Why the taxpayer can't rescue the fixed-rate borrowers
By Dan White
Thursday April 16 2009
AS pressure mounts for the banks to pass on interest rate reductions to fixed-rate mortgage borrowers, the Government should turn a deaf ear to the controversy. With most of the banks likely to be majority state-owned shortly, the cost of any "rescue" for fixed-rate borrowers would be largely borne by taxpayers.
Someone with a €300,000 variable-rate mortgage repayable over 30 years has seen their monthly repayments plunge from €1,750 per month to just €1,224 per month, a saving of more than €500 per month.

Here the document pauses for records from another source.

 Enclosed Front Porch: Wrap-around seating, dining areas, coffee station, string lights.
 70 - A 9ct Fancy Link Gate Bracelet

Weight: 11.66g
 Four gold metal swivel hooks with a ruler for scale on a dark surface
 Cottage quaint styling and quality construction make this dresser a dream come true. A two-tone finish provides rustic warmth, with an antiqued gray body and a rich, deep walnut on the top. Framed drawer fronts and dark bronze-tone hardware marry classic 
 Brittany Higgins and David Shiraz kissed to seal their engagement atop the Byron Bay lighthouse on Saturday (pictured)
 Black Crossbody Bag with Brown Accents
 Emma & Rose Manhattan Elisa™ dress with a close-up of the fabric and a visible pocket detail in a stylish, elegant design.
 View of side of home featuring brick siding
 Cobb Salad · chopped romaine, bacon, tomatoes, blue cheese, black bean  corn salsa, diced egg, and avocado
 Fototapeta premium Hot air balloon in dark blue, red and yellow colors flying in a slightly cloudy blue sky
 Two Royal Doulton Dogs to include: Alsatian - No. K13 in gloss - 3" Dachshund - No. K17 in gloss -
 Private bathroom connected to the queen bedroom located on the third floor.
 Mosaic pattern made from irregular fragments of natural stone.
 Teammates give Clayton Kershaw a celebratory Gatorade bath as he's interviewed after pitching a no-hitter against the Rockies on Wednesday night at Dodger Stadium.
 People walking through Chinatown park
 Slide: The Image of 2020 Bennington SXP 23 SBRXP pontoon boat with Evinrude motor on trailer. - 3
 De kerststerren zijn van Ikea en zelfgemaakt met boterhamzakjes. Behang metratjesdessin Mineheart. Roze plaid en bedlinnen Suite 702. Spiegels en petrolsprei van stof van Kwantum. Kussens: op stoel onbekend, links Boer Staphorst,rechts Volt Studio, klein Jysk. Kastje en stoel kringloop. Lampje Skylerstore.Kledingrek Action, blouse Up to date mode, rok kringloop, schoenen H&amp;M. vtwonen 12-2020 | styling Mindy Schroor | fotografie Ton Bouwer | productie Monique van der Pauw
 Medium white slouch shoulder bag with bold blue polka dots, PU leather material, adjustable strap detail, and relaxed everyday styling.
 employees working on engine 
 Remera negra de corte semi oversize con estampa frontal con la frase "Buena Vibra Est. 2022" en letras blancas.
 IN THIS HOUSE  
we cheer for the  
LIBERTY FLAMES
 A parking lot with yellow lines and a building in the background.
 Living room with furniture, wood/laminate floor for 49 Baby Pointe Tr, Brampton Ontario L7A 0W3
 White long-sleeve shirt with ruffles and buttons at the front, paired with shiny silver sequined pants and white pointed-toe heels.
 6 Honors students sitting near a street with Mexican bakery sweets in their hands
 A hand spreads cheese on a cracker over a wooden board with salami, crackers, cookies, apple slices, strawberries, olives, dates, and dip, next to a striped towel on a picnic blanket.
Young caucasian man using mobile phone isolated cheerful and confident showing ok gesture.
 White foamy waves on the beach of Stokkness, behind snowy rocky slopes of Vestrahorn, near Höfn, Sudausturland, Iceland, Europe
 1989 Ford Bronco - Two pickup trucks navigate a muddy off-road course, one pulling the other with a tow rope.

Meanwhile, the tens of thousands of homeowners who are locked into fixed-rate mortgages can only look on enviously as they continue to pay the previous, higher rates. Not surprisingly, with household budgets stretched as tight as a drum, some fixed-rate mortgage holders have argued that the banks and/or the Government should "do something" about the plight of fixed-rate mortgage borrowers.
So what should the Government and/or the banks "do" about this situation?
Preferably as little as possible.
Let's get real here. We're all consenting adults. The vast majority of those who took out fixed-rate mortgages knew exactly what they were doing. They wanted the security of knowing that their monthly repayments wouldn't increase if interest rates rose. And, when the ECB raised interest rates from 2pc to 4.25pc between December 2005 and July 2008, they reaped the benefit. Meanwhile the vast majority of homeowners who had opted for variable-rate mortgages had no option but to pay up.
Now that the boot is on the other foot it is fixed-rate mortgage borrowers who are losing out. Having been the beneficiaries of rising interest rates up to the middle of 2008 they are in a poor position to complain now that rates are falling.